▶ **Task instructions**: Output every entry exactly, without any pictures.

Captioned web image data:

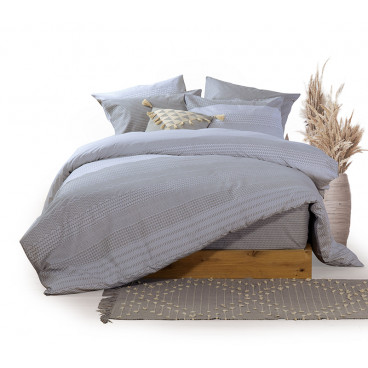 BED SHEET TENISSON SET  GREY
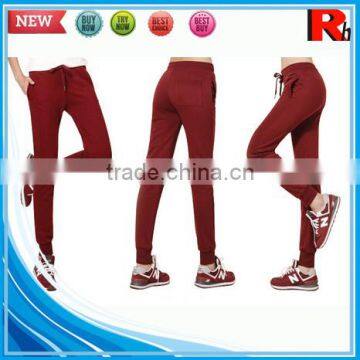 China 100% Cotton Cheap Cool Wholesale Ropa Mujer Slim Fit Sweatpants Ladies Fashion Trousers Design photo-2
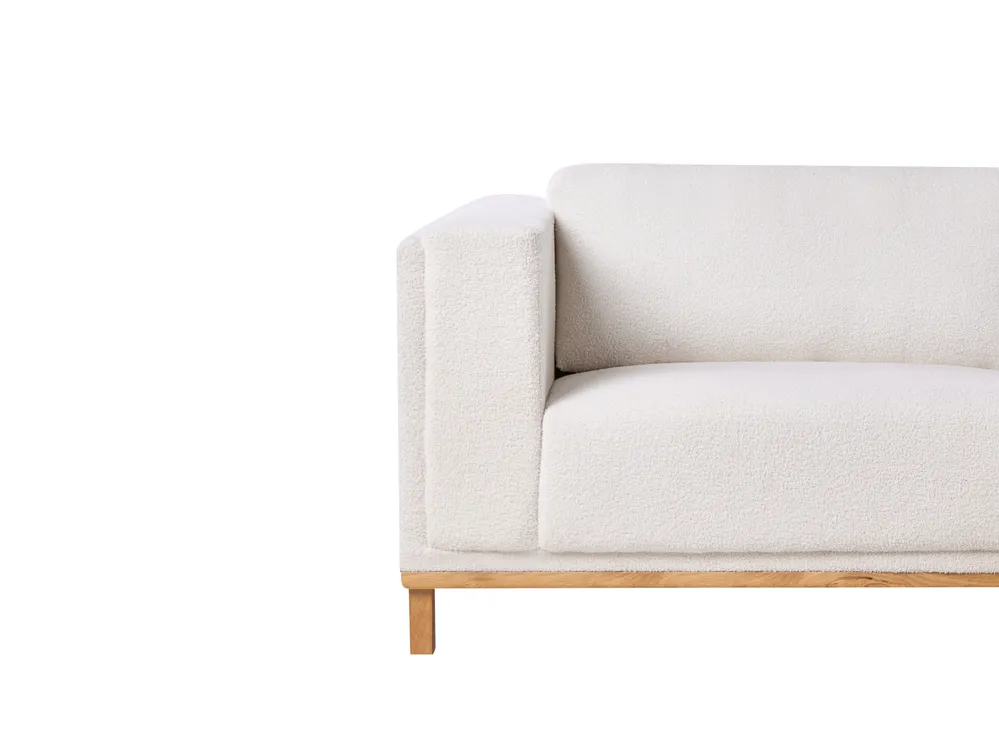 Corner Sofa 5 Seater VENG Fabric Off-White Left Hand_1009988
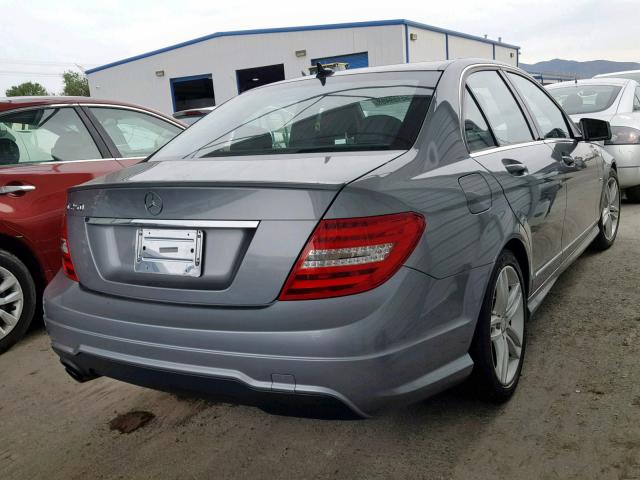 WDDGF4HB9CR206403 - 2012 MERCEDES-BENZ C 250 GRAY photo 4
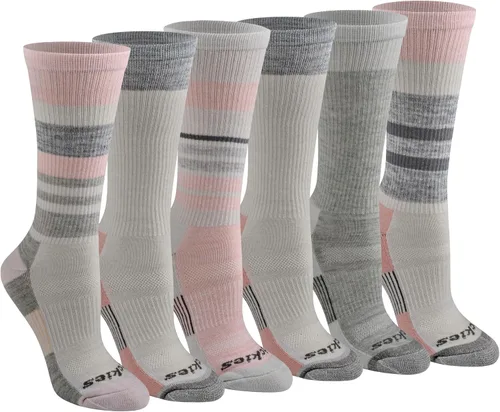 Vista 15 de Dickies Women's Dri-Tech Fashion Moisture Control Crew Socks (6, 12 Pairs)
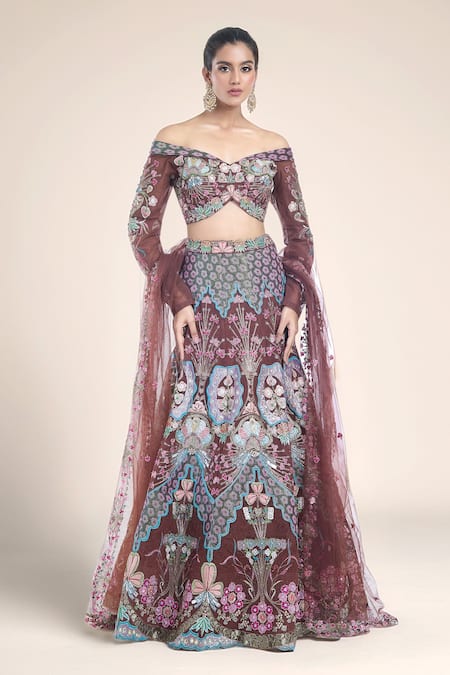 Aisha Rao Trencadis Embellished Lehenga Set 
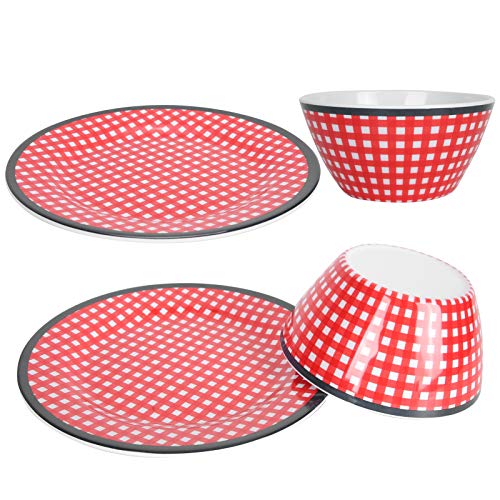 Servies Serviesets, mooie en praktische 4-delige dinerset, slakomset voor restaurant, hotel, theehuis buiten, auto, thuis, coffeeshop - Image 5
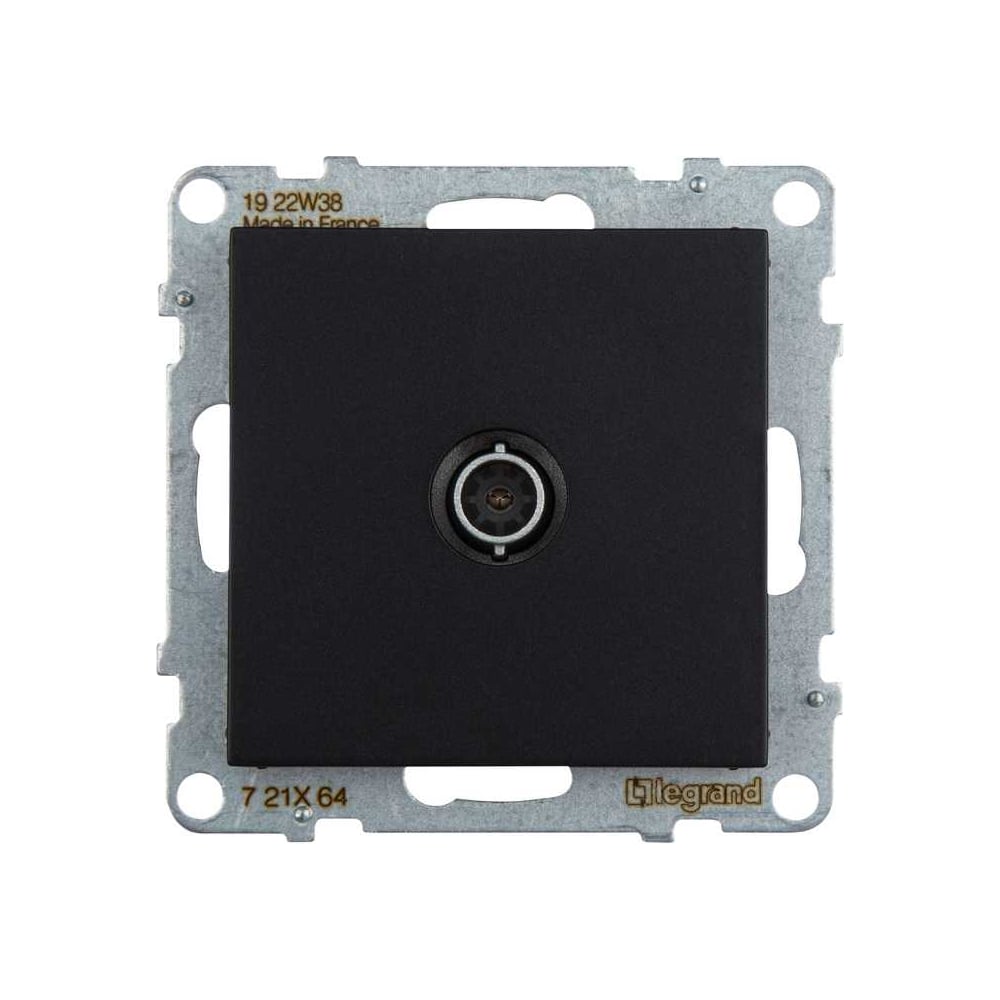 Изображение товара Розетка ТВ Legrand SUNO антрацит 1 пост, IP20, для скрытой установки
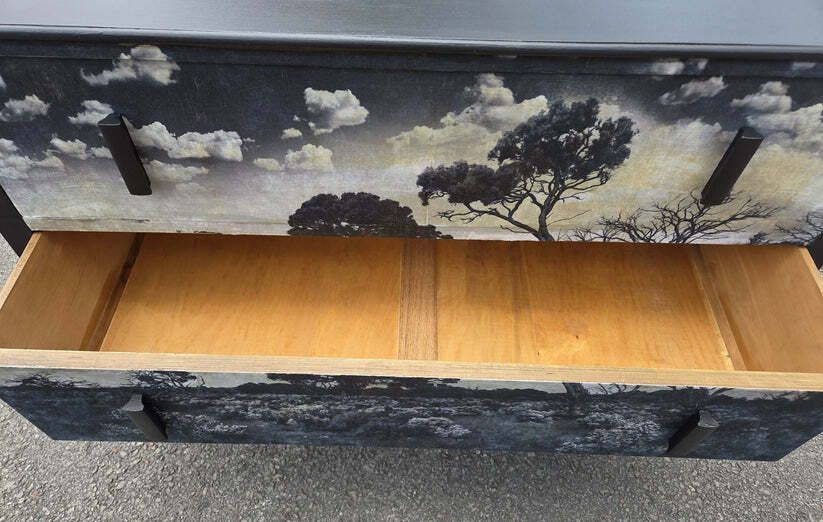 Mid Century 2 Drawer Chest photo Furniture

▶ **Written response**:
 BED SHEET TENISSON SET  GREY
 China 100% Cotton Cheap Cool Wholesale Ropa Mujer Slim Fit Sweatpants Ladies Fashion Trousers Design photo-2
 Corner Sofa 5 Seater VENG Fabric Off-White Left Hand_1009988
 WDDGF4HB9CR206403 - 2012 MERCEDES-BENZ C 250 GRAY photo 4
 Vista 15 de Dickies Women's Dri-Tech Fashion Moisture Control Crew Socks (6, 12 Pairs)
 Aisha Rao Trencadis Embellished Lehenga Set 
 Servies Serviesets, mooie en praktische 4-delige dinerset, slakomset voor restaurant, hotel, theehuis buiten, auto, thuis, coffeeshop - Image 5
 Изображение товара Розетка ТВ Legrand SUNO антрацит 1 пост, IP20, для скрытой установки
 Mid Century 2 Drawer Chest photo Furniture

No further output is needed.